Weekly Technical Market Outlook 7/21/2014

Once again the bulls were able to ride on Friday aboard the Buy the Dip Express to close out the week up 0.54% on the S&P 500 ($SPX) although the Small Caps didn’t fare as well, down 0.76%. On Thursday we saw a bit of panic selling with down volume outpacing up volume on the NYSE nearly 6-to-1. Buyers came back in force on Friday with advancing volume accounting for 82% of trading volume on the NYSE and advancing issues made up 79%.

I mentioned on Twitter (here and here) last week that an intermediate-term cycle would be peaking on Wednesday. Typically we see larger shifts in trend after this cycle rolls over, so while Thursday’s selling wasn’t a huge surprise I would be slightly surprised if that was the extent of it. But of course we follow price not force it, so respect must be shown.


Last week’s small drop in the S&P 500 ($SPX) saw our short-term trend line get tested and held. This keeps the overall trend intact with the bulls in control.



Like the chart above, we saw the short-term trend line for the Advance-Decline Line get tested as well. As the S&P has consolidated between 1990 and 1950 the A-D Line has weakened. The trend is still positive for this measure of breadth, but it appears a few more holes were poked in it compared to the price movement of the equity market.


Yield Curve

One of the important charts that hasn’t been getting much attention lately is the drop in the Yield Curve. The movement in the Yield Curve can have a large impact on the health of the Financial sector ($XLF). When yields begin to drop like they have been in 2014, it makes it much harder for the Financials to perform well. Last week the Yield Curve hit a new 2014 low while the relative performance of $XLF against $SPY held above its May low.

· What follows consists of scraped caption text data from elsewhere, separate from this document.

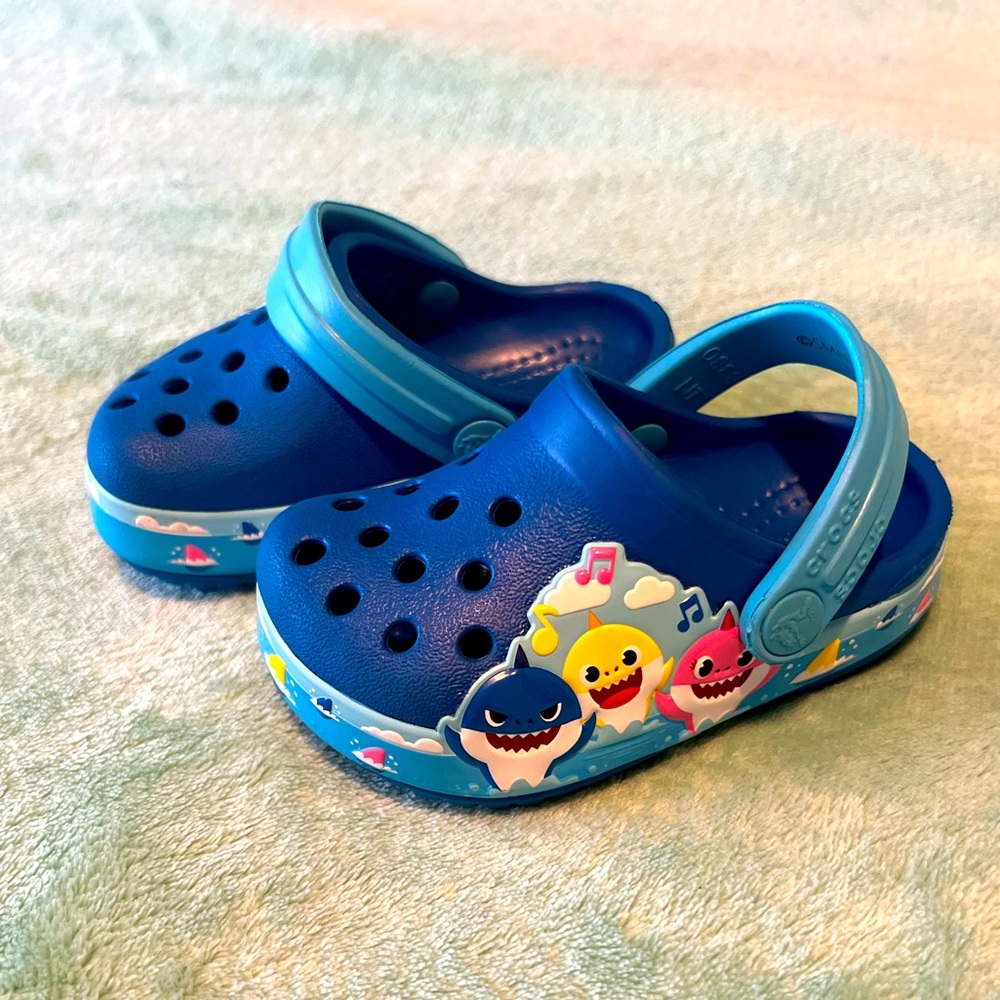 Infant Baby Shark Crocs -4c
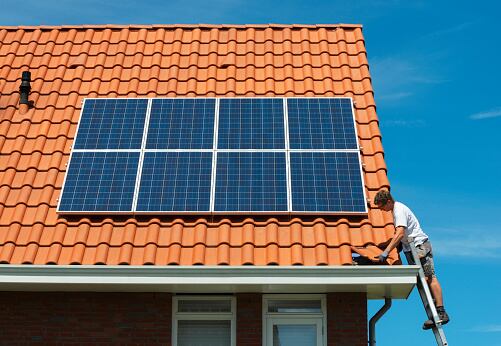 Hacer un análisis previo a la instalación de paneles solares en casa es fundamental porque garantiza que la inversión sea eficiente.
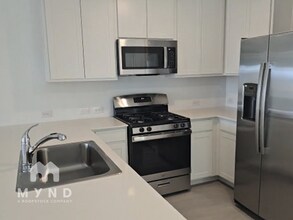 539 River Run Wy in San Antonio, TX - Foto de edificio - Building Photo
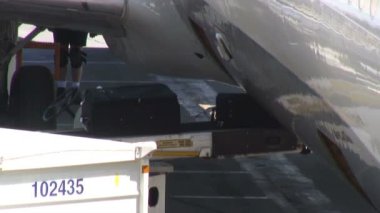 Bagaj Konveyör bant yerleştirilen sonra uçaktan geliyor havaalanına attırmak gösterilen.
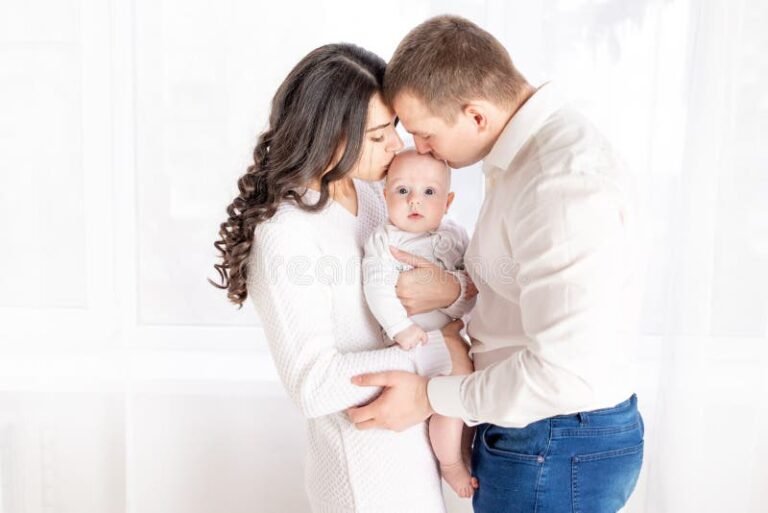 Miten Vauva Omistajan Opas Auttaa Uusia Vanhempia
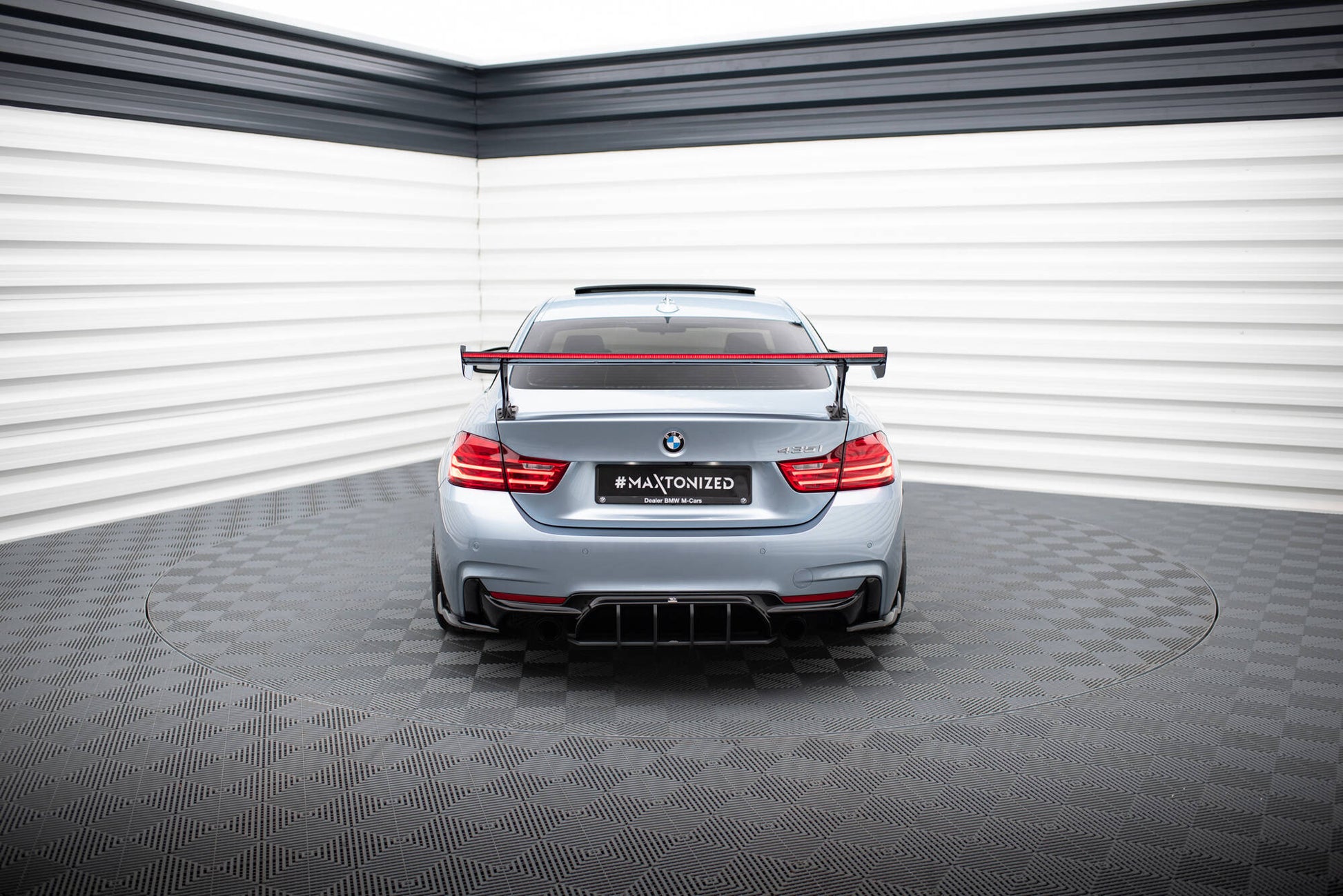 Carbon Spoiler With External Brackets Uprights + LED BMW 4 F32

If the Yield Curve continues to weaken I’ll be watching to see if Financials continue their under-performance of the overall market and decline past that May low.

xlf vs spy

Treasury Bonds

While on the topic of Yield, I wanted to show the chart of the 10-year Treasury Yield ($TNX). Three weeks ago I showed this chart and the importance of the resistance level in the Relative Strength Index (RSI). Since then we saw yields rise and the RSI indicator hit resistance, sending bond prices higher and yield lower. The 10-year Yield is now back down to prior support, just under 2.5%. As I’ve been saying for almost the whole year…. bond yields are in their own little bear market and while nearly every major bank’s economist is calling for yields to rise, price continues to disagree.

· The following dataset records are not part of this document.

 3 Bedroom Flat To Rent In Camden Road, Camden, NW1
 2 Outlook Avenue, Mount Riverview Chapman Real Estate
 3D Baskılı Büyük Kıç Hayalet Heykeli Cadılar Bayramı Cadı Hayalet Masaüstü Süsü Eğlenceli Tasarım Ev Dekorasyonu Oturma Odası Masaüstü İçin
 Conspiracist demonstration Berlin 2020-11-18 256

Last week we saw a nice bounce in the Relative Strength Index (RSI) on the 50 level as price rose on Friday. Momentum continues to sit firmly in the bulls favor as each dip keeps getting bought and selling pressure in the momentum indicators remains muted. However, we did not see a rise in the MACD, which in my opinion is less important than the bounce in the RSI.


High Yield vs. Corporate Bonds

While I wrote above how the 10-year Treasury Yield was testing support and how momentum was favoring the bond bulls. We could be about to see some mean-reversion in the ratio between the iShares High Yield ETF ($HYG) and the iShares Investment Grade Bonds ETF ($LQD). The selling that took place on Thursday sent the RSI indicator under 30, which has previously preceded a short-term shift that favors $LQD over $HYG.

I’ve put dotted blue lines on the chart below to show past instances of momentum being oversold for this pair going back to late-2010. Some of the bounces have been minimal like in early 2011 and earlier this year while others have shown to mark the start to a new trend in relative strength between these two debt ETFs like in late-2010 and 2012.

High YieldRelative Sector Rotation

Recently StockCharts.com added the Relative Rotation Graphs to their arsenal of data. These types of charts are really interesting and I’ll be showing them on the blog every couple of weeks.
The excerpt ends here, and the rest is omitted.